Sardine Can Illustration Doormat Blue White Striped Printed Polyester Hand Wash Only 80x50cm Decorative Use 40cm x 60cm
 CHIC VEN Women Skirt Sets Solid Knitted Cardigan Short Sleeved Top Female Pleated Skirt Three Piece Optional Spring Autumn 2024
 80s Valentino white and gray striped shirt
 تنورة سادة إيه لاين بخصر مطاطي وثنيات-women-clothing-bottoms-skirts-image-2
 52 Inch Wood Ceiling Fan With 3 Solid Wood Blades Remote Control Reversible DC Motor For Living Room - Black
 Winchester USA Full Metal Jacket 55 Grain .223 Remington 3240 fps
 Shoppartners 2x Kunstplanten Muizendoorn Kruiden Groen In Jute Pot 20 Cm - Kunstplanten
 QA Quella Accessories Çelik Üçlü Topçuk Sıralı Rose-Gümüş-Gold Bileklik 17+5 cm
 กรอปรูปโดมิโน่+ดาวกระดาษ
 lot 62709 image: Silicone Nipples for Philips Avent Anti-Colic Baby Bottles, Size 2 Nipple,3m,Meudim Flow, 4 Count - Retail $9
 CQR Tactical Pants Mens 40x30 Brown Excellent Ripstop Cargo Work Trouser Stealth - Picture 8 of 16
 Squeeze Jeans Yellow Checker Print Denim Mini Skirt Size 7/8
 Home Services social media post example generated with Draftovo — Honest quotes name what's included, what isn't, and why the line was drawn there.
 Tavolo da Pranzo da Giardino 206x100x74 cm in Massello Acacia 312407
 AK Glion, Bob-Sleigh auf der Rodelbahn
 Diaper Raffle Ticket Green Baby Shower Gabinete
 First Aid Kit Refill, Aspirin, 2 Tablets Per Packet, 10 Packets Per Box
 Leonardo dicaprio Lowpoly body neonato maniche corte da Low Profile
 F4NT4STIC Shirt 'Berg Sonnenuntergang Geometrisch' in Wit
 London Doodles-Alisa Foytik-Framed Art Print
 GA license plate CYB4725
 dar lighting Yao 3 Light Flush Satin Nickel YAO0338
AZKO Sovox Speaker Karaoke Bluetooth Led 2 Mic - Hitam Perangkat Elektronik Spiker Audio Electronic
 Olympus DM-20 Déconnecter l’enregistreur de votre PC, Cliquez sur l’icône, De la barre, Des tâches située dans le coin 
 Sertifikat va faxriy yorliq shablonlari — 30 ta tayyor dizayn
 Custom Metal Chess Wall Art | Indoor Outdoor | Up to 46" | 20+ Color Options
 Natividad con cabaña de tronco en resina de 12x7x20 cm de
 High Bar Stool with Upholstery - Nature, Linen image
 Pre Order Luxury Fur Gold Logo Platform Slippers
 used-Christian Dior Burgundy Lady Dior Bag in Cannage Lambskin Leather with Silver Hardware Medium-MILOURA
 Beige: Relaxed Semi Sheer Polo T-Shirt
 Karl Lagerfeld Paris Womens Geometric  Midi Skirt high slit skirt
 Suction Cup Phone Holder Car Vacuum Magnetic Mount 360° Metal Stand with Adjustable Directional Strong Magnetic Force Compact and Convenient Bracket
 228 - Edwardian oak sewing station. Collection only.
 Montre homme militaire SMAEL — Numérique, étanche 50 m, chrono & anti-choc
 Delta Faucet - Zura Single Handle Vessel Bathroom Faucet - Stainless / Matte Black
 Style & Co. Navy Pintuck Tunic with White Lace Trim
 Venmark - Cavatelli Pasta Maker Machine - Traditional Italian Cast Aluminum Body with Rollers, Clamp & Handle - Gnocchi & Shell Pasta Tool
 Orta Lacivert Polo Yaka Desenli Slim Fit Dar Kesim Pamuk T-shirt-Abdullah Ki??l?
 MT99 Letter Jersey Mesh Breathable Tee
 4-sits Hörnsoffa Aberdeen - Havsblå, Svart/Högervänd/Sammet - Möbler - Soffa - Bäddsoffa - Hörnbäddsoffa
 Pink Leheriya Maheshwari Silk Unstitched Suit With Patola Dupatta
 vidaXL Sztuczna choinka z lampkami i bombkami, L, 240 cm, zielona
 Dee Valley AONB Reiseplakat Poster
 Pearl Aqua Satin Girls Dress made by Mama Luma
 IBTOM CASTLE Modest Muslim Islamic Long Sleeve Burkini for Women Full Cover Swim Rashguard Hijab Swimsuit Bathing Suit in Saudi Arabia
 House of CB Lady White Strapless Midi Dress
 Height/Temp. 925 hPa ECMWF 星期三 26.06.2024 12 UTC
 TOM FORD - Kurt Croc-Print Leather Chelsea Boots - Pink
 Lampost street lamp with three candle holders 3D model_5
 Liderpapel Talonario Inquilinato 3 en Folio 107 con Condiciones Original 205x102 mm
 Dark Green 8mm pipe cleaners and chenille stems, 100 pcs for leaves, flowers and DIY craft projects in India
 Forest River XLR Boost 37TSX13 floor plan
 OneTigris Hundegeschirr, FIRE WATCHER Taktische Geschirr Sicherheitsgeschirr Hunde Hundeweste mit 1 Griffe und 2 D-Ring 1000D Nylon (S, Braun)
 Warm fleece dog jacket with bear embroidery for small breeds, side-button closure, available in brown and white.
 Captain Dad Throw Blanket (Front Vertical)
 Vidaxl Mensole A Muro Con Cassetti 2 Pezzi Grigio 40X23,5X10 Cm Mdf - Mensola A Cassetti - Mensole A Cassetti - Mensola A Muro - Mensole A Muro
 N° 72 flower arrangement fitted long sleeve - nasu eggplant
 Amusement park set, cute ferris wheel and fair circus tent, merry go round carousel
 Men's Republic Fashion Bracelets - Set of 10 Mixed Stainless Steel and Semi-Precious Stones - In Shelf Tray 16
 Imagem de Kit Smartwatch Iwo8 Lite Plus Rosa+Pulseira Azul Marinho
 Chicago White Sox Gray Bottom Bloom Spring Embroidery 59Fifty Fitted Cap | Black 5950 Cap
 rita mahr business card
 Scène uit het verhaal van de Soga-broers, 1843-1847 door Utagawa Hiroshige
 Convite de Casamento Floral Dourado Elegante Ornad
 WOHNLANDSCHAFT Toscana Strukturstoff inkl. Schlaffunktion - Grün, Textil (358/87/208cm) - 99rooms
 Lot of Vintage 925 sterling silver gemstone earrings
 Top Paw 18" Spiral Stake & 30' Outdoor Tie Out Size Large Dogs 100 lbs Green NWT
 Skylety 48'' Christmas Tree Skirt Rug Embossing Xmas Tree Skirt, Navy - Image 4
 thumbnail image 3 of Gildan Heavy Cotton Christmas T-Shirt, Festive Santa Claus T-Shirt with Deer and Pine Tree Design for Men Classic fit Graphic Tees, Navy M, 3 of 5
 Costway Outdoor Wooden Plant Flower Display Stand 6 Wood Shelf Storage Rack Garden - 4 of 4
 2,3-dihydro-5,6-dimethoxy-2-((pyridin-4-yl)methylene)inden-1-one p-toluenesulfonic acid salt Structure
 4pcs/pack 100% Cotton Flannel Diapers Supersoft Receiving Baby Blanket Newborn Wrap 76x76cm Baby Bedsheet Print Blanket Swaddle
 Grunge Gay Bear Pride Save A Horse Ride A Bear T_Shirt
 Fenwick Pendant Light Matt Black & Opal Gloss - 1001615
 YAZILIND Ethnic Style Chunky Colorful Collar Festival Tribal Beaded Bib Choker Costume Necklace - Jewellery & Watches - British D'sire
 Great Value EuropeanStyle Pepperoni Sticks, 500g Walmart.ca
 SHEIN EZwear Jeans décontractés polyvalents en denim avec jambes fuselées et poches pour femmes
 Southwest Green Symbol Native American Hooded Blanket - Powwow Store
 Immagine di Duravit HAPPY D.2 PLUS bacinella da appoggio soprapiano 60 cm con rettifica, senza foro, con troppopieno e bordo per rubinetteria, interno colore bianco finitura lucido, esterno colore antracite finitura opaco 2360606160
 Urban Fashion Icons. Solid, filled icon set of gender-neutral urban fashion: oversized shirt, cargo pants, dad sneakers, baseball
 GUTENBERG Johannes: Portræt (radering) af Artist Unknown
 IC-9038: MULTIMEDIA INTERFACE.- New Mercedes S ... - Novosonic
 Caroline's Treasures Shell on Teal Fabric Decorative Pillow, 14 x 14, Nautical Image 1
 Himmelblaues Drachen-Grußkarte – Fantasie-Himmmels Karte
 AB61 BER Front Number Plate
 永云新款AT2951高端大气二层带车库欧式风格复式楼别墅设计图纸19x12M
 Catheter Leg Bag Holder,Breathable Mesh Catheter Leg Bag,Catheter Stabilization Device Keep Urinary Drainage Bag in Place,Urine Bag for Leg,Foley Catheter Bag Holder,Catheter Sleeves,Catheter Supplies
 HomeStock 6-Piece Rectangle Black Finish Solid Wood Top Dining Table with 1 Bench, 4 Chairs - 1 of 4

Work instructions
Gather all lines with the string "Blanket" from the data.

Task solution
 Captain Dad Throw Blanket (Front Vertical)
 4pcs/pack 100% Cotton Flannel Diapers Supersoft Receiving Baby Blanket Newborn Wrap 76x76cm Baby Bedsheet Print Blanket Swaddle
 Southwest Green Symbol Native American Hooded Blanket - Powwow Store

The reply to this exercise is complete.